El que una escuela estuviera catalogada de una u otra forma repercutía en el tipo de
profesorado que la regentaría (distinta formación académica), en el sueldo que cobraría
y en el tipo de materias que estaría obligado impartir.
A otro nivel, obligaba a la creación de Escuelas Normales de Maestros; sin embargo, tan
sólo recomendaba la creación de Escuelas Normales para Maestras.
Tras aprobarse la Ley Moyano, las maestras tendrían que tener título, pero para
obtenerlo no se les exigiría lo mismo que a los maestros; por ello, se establecía su
sueldo en un tercio menos que el de los varones.
Para ser admitida en esta Escuela era necesario haber cumplido los 17 años y ser menor
de 25, acreditar buena conducta moral y religiosa, no padecer enfermedad contagiosa ni
tener defectos físicos que la imposibilitaran para el ejercicio de su profesión.
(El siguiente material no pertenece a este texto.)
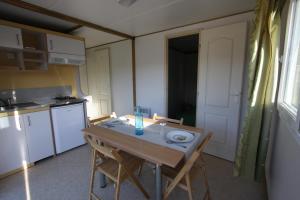 eine Küche mit einem Tisch mit Stühlen und einem Tisch sowie eine Küche in der Unterkunft Camping du Villard in Thorame-Basse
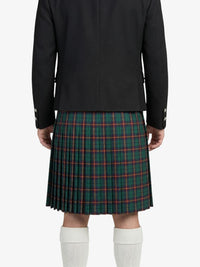 Person wearing a black jacket and green plaid kilt on a white background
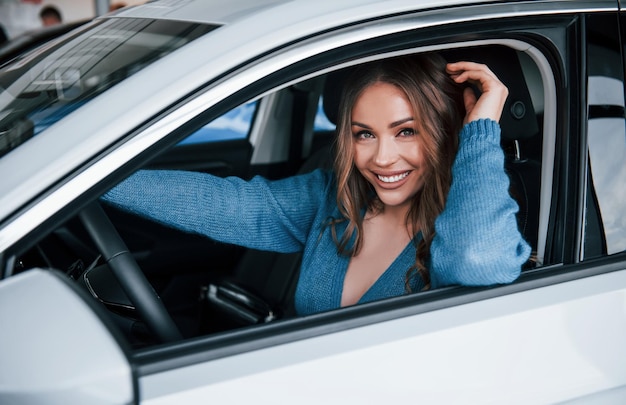 Positive Frau im blauen Hemd sitzt im neuen, brandneuen Auto im Autosalon oder Flughafen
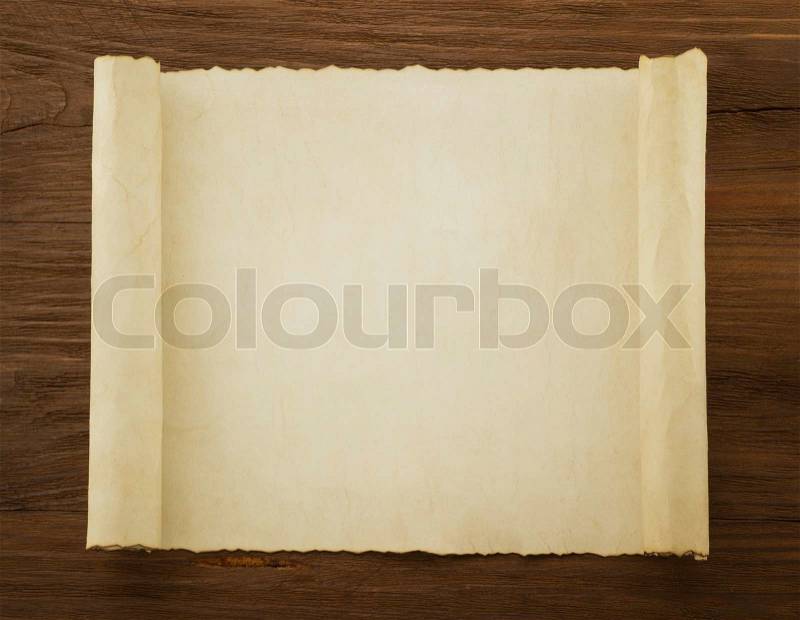 Parchment scroll on wood background, stock photo
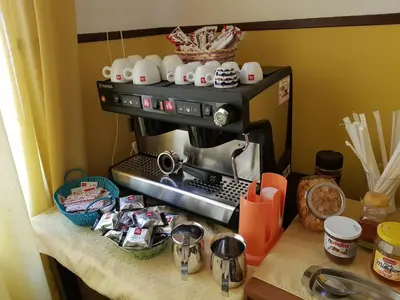 a kitchen counter with a coffee maker on top of it at Domina Romae B&B in Rome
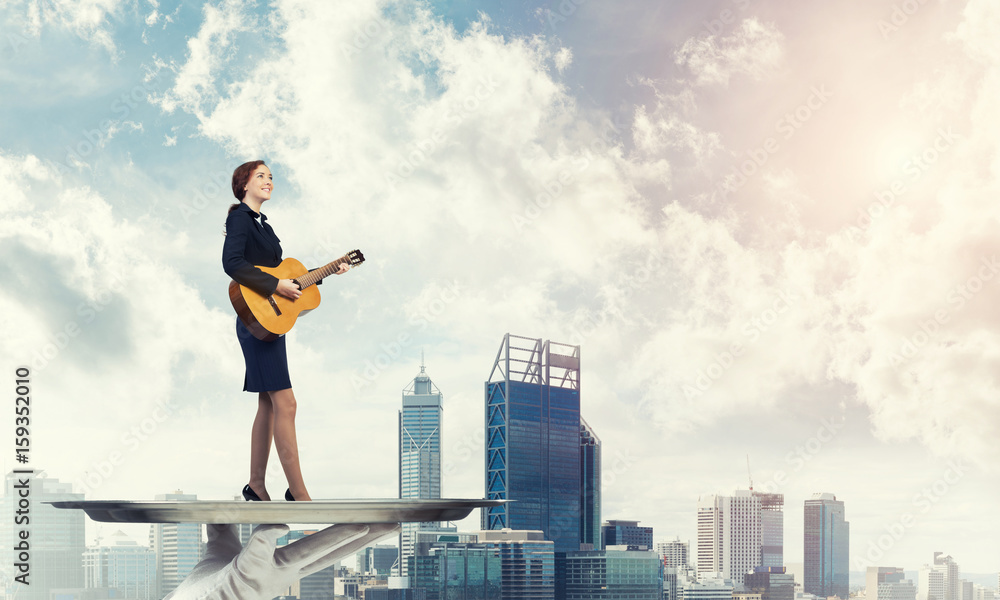 Attractive businesswoman on metal tray playing acoustic guitar against cityscape background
Además
debería realizar un examen demostrando su habilidad en costura. Los estudios se
dividían en dos cursos. Las materias a estudiar apenas superaban el nivel del que
después necesitaría para impartir clases. La materia de Labores requería, por supuesto,
su mayor dedicación y era calificada rigurosamente por una mujer. Por último, realizaba
los exámenes del resto de las materias ante un tribunal de hombres indulgentes. Si
aprobaba la reválida del primer curso se la capacitaba para impartir clases en una
escuela primaria elemental y si superaba la de segundo curso, lo estaba para escuelas
superiores. Además de dominar el arte de la costura se buscaba sobre todo que la
maestra tuviese un instinto maternal y que supiese trasmitir a las niñas unos mensajes
morales junto a unos conocimientos prácticos y útiles para la vida familiar.